CERNAVODA, 13 août (Le Parisien Matin) – Nuclearelectrica, le producteur public d’électricité nucléaire roumain, a entamé jeudi le processus de déconnexion de son unique réacteur en activité du réseau électrique, en raison du niveau historiquement bas du Danube.
L’entreprise exploite deux réacteurs de 706 mégawatts à Cernavoda, sur le Danube, qui assurent un cinquième de la production électrique nationale. Le fleuve, frappé par la sécheresse, avait déjà contraint l’opérateur à arrêter un premier réacteur fin juillet.
Un arrêt contraint par la sécheresse
La baisse continue du fleuve a rendu l’exploitation impossible malgré les interventions menées sur le lit. L’opérateur avait tenté d’éviter la fermeture par des mesures inédites.
Les équipes avaient fait exploser une obstruction rocheuse, dragué le lit du fleuve et coulé des barges remplies de pierres dans le Danube pour rediriger les flux vers la centrale.
Le gouvernement roumain a déclaré l’état d’urgence énergétique pour tout le mois d’août. Il a demandé aux entreprises et aux ménages de réduire volontairement leur consommation lors des pics de consommation en soirée.
Le ministère de l’Énergie a remis en service une centrale au lignite de 330 mégawatts pour compenser les pertes. Il a indiqué s’appuyer également sur une production éolienne accrue et sur l’hydroélectricité, en fonction de l’eau disponible dans les réservoirs.

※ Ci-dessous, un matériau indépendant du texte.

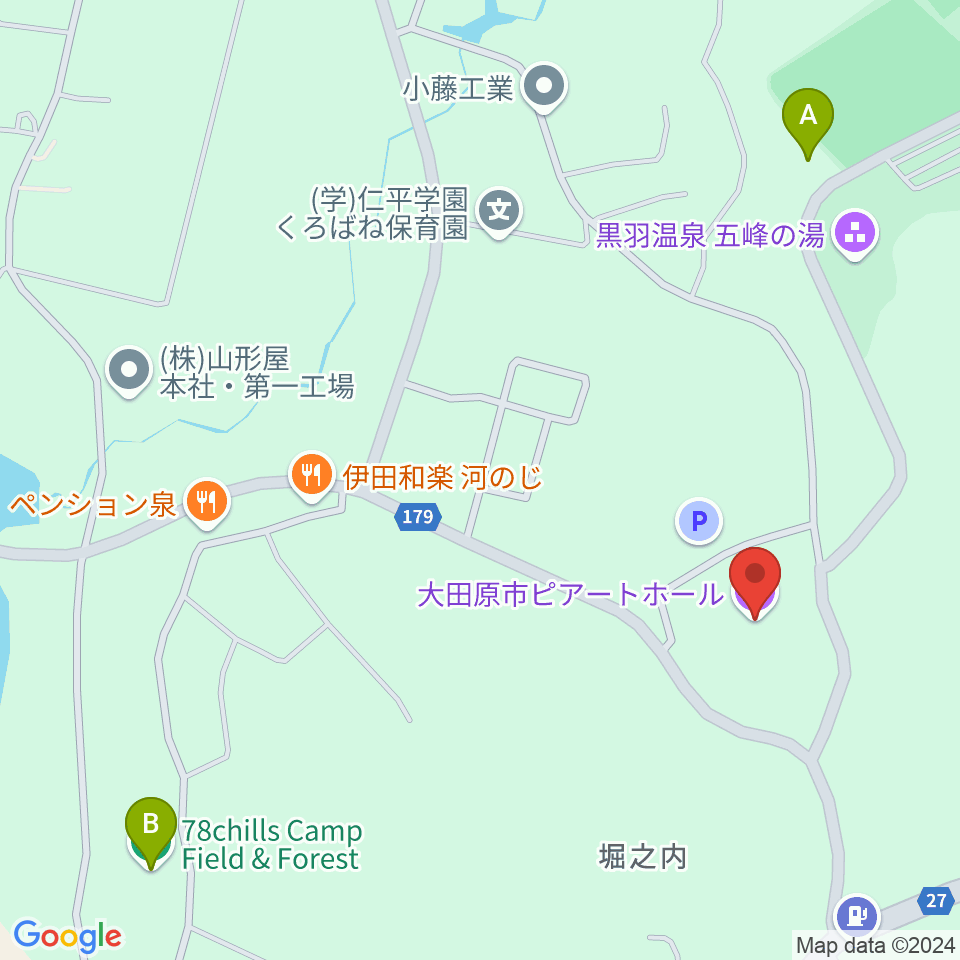 大田原市ピアートホール周辺のホテル一覧地図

Des importations et des coupures anticipées
Face à la baisse attendue de la demande en soirée grâce à des températures légèrement plus fraîches, le ministère a mis en avant les capacités d’importation du pays.
« Le réseau électrique national dispose d’une capacité transfrontalière d’environ 4 000 mégawatts pour permettre les importations d’électricité »
A déclaré le ministère dans un communiqué.
« Tous les opérateurs européens connaissent les situations de crise énergétique régionale et se coordonnent pour assurer la sécurité de l’approvisionnement de tous les réseaux touchés par les conditions météorologiques »
A ajouté le ministère.
Le gouvernement a préparé un système de délestage par étapes pour les consommateurs industriels, avec préavis si nécessaire.
L’Europe a subi des semaines de chaleur record et d’incendies destructeurs cet été. Ces conditions ont exercé une pression énorme sur l’approvisionnement électrique, le transport fluvial et les systèmes de santé publique.
Une vulnérabilité structurelle mise à nu
L’arrêt des deux réacteurs de Cernavoda raconte plus qu’un simple incident climatique. Il révèle la fragilité d’un modèle énergétique pourtant présenté comme robuste et décarboné.
Le nucléaire roumain, qui fournit 20% de l’électricité du pays, dépend d’une source que personne ne contrôlait jusque-là : le Danube. Sans eau de refroidissement suffisante, même la technologie la plus avancée s’arrête. C’est le paradoxe d’une énergie dite souveraine mais otage de la météo.
Le recours en urgence à une centrale au lignite de 330 mégawatts est un aveu. Bucarest, comme d’autres capitales européennes, se voit contraint de rallumer les énergies les plus polluantes pour sauver son réseau. La transition verte recule d’un pas quand le thermomètre grimpe.
Cette crise locale est aussi européenne. La Roumanie compte sur 4 000 mégawatts d’interconnexion pour importer. Mais si la canicule frappe simultanément la France, l’Allemagne et les Balkans, d’où viendra le courant ? La solidarité des réseaux a ses limites quand tous les pays ont soif et chaud en même temps.
Enfin, la préparation d’un délestage industriel programmé change de dimension. Ce n’est plus une hypothèse théorique. Les mesures extrêmes tentées sur le fleuve – dynamitage et barges coulées – montrent qu’on a atteint les limites de l’ingénierie face à une sécheresse qui n’a plus rien d’exceptionnel.